Yeah. In this one, it takes place in the aftermath of the fall of Meridian, so I had a lot of fun really exploring what that would look like. One of the fun things about writing these books has been, what does the Halo universe look like from a civilian perspective? At one point, the characters have to go to this city that’s been completely destroyed. Writing about that and what that would look like from a civilian point of view, as opposed to soldiers who are either been conditioned to deal with it or used to it, that was just fun for me as a writer. I also got to play around with Forerunner technology and make up a new, crazy piece of Forerunner tech, so I think I’m really excited for people to read about that as well.

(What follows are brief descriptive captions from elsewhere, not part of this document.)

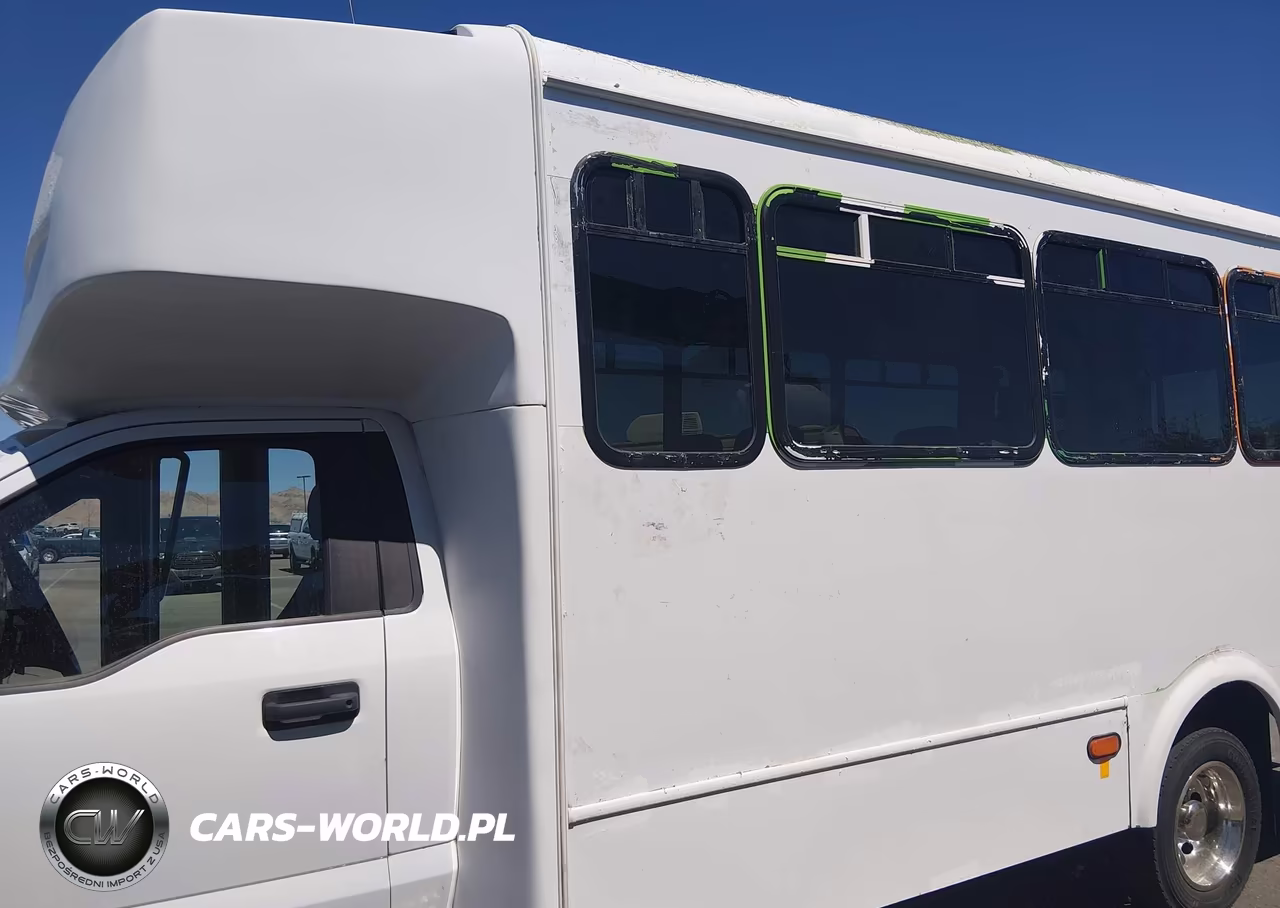 2017 Ford F-550 Chassis Xl VIN:1FDAF5GY6HDA08437 - 14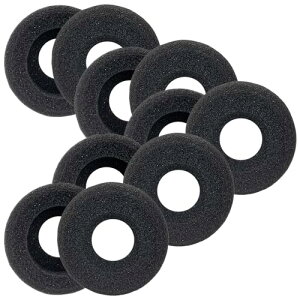 �����p�C���[�p�b�h �C���[�p�b�h Jabra Biz 2300 GN2000 PRO 920 9450Plantronics�Ή� HW251N HW261N HW510 HW520 Blackwire C320 3210 3220 ����эł��W���T�C�Y�̃I�t�B�X�w�b�h�Z�b�g�ɑΉ��̌����p�C���[�N�b�V��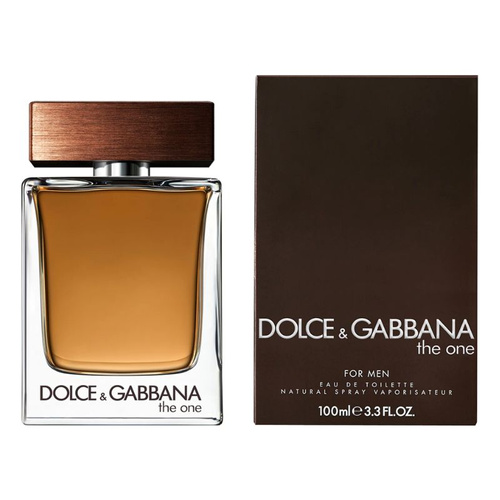 Dolce&Gabbana The One for Men woda toaletowa męska 100ml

Well, that’s one thing they’ve released. There’s already the first couple chapters, I think, of Meridian Divide out there. We’ll put a link in the show notes so people can read. But as you said, the first book is these kids, punk rocker, nerdy people who kind of get thrown into this war. In this book they kind of are becoming soldiers, which is something that I don’t think, as with civilian perspectives aside from the Spartans themselves, who are definitely an atypical case, you don’t have much in the way of what it’s like to grow up and start training for this kind of war.
So what’s it been like getting back into Halo after all these years?
It’s actually been really interesting. I know when I first got back into it, it was just really cool. The first time I heard the music, the chanting, it’s just so iconic, and I was just like, “Oh my god, I remember this,” and so it was just kind of a nostalgia trip for me. I went to the Outpost Discovery in Houston, and that was really, really cool because they have a, I can only describe it as a Halo museum set up, where they have models of an Elite soldier and a Master Chief and weapons and stuff, and they’re in glass cases. That was just really, really cool to be able to just wander around and to just to kind of be like, “Man, if you had told me when I was in college that I would be in this position to be at something like this, that something like this would even exist, I wouldn’t have even believed you.”
And then to be like, “Oh, hey, not only are you going to be at this conference, or this convention, that’s dedicated to Halo, you’re going to sign autographs for people of Halo merchandise and Halo games that you used to play.” That’s very surreal to me, so yeah, it’s been really fun, and it’s just been really fun kind of reconnecting with the fandom, which I wasn’t super connected with the first time around. It was just sort of like a local, just me and my friends, so it was really cool seeing how much this affected people.
It’s really cool to me because I feel like I contributed such a very small piece of Halo lore. You know, I wrote a couple books. They weren’t even that long, but just the way people are just like, “Oh, hey, wow. You’re a part of this thing that I love. Could you sign this helmet for me?” It’s just like, “Uh, sure, but I mean, I feel like I’m as much just like a fan as you are.” I feel like we’re on an equal footing. So, yeah, because that’s just been really surreal and really fun, and it’s just really cool to be reminded of how important these games can be to people.
Meridian Divide releases October 1, 2019.